And after I led the first decade, I noticed that my father was unable to lead the prayers of the second decade. I turned to him and found his eyes filled with tears. Immediately I assumed that his health struggles were on his mind so I turned to him and asked, “Are you worried about the coming treatments?” It is his answer that I will never forget. He smiled weakly and said, “No, honey, I just hate to see you go.” That may seem ever so expected or obvious, but it remains, this many years later, one of the most profound memories I have. It was the expression of how important and loved I was by my father and it is something I have returned to a thousand times.
My father died seven months later. I had to fly back from the college and went through the expected rituals for saying goodbye, but I secretly felt that I had been given a special gift before I left for college that last summer. Over the years, then, when I see two loved ones embracing or watch a lingering hand cling to someone departing for the gate, I am reminded of that special need we have to love and to be loved. It is something so basic, yet it is something so many people do not experience.
It occurs to me now, and it is the reason I share with you today, that this is the most profound and simple reason we need God in our lives. Jesus’ entire ministry was dedicated to revealing that surprising and life-giving love of his father to anyone who would listen. It was never advertised as a fair-weather love or a love that demanded response or meriting. Jesus spoke of a Father who longed to love his children and to share that love in abundance. Again and again the parables of Jesus reveal a love that is endless and totally free for whoever would embrace the gift.
Inside of me there is an urgency and an impatience to see that message go out to as many people as possible. How I long to see people who may be lost or without meaning or purpose discover this living Father who loves them and who has a plan for their lives. Often times it is my own imperfect love that mars that message in another person’s life. And that is precisely why I return often to that bench at the back of my parish church and look into the eyes of my own father filled with tears and with love.
Once you have tasted that love, it is something you want the whole world to know.
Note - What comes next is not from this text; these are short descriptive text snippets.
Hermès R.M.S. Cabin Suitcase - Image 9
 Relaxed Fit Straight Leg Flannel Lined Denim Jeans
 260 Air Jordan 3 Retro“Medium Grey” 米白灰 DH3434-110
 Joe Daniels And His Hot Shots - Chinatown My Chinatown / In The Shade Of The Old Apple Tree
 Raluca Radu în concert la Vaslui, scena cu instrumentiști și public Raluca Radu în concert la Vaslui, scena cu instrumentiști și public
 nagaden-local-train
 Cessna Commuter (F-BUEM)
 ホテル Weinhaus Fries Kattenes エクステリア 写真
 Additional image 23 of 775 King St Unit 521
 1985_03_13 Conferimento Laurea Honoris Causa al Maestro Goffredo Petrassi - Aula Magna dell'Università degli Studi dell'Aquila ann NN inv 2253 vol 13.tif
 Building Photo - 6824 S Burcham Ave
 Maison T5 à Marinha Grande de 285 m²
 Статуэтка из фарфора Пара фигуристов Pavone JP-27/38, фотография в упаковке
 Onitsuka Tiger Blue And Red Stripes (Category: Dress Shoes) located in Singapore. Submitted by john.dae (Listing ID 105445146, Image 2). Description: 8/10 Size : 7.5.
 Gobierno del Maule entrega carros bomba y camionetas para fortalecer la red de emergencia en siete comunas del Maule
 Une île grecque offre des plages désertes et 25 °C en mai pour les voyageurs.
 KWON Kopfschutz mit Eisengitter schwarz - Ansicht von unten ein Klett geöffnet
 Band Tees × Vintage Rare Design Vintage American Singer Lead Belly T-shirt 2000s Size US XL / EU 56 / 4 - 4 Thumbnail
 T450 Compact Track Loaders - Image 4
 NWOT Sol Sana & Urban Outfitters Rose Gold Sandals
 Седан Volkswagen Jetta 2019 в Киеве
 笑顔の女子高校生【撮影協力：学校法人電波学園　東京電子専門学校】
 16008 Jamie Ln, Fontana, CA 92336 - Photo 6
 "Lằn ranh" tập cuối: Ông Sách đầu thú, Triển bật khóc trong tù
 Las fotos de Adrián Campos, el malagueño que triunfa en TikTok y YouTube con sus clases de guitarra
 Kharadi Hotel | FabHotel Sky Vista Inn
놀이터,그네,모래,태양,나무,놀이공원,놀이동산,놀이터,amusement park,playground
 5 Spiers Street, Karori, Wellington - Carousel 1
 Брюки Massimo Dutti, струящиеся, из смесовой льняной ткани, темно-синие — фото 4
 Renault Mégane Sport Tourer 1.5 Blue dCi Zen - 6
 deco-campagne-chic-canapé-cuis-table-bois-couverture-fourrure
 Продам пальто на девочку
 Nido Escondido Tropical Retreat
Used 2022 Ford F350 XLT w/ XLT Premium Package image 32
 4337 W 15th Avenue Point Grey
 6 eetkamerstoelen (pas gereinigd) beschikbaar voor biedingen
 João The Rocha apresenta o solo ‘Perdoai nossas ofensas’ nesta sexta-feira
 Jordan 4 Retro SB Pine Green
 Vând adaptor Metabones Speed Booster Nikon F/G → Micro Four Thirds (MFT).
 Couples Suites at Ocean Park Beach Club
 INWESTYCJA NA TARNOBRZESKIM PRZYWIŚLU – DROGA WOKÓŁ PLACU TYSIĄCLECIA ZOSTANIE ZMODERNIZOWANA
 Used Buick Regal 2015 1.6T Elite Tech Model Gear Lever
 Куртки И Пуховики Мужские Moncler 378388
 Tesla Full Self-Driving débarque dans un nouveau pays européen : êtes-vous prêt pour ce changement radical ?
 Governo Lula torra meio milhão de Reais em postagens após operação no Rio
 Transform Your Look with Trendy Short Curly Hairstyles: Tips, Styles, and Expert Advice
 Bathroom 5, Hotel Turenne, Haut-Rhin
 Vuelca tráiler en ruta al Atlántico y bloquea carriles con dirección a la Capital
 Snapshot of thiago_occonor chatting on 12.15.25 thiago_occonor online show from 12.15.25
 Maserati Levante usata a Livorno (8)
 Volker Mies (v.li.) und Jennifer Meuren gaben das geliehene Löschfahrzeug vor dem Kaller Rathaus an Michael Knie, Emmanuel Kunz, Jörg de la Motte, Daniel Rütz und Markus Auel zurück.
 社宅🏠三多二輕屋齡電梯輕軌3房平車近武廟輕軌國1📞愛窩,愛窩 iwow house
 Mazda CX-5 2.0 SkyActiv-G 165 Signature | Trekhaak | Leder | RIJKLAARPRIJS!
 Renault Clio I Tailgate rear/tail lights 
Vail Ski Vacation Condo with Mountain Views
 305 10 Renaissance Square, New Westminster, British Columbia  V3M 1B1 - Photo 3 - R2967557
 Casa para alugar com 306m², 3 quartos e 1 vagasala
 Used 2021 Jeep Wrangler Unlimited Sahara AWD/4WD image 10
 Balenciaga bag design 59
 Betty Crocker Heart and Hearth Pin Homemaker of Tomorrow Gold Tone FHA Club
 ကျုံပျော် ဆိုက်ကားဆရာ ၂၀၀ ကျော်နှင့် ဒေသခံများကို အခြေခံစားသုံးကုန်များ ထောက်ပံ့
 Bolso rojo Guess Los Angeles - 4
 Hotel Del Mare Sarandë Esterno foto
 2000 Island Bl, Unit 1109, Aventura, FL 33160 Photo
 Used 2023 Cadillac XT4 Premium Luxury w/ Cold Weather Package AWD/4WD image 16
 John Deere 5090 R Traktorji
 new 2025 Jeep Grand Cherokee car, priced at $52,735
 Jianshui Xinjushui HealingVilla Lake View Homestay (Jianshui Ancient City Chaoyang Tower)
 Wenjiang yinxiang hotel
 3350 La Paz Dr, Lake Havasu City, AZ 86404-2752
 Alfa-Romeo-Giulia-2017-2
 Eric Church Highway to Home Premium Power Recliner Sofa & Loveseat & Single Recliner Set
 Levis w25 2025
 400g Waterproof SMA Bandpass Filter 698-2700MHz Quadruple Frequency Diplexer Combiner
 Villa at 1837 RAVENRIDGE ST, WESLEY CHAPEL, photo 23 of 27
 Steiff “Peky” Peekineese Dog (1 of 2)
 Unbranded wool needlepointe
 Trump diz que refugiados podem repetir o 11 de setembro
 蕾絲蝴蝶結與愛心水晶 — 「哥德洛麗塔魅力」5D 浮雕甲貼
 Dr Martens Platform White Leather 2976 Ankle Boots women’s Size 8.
Certainly, this is exactly why Jesus stopped at nothing, not even his own execution, to proclaim the reality and accessibility of his Father’s love.
When is the last time you told the people in your life how much you love them? When is the last time you allowed the love of the Father to enfold and enrich you — to comfort and sustain you?
Waste no time. Show love, seek love and be love for others while you can. Proclaim with your lives the love which never ends and which withstands the travails and the chaos of our lives — the love of a Father who has written our names in his heart and who holds us in the palm of his hand.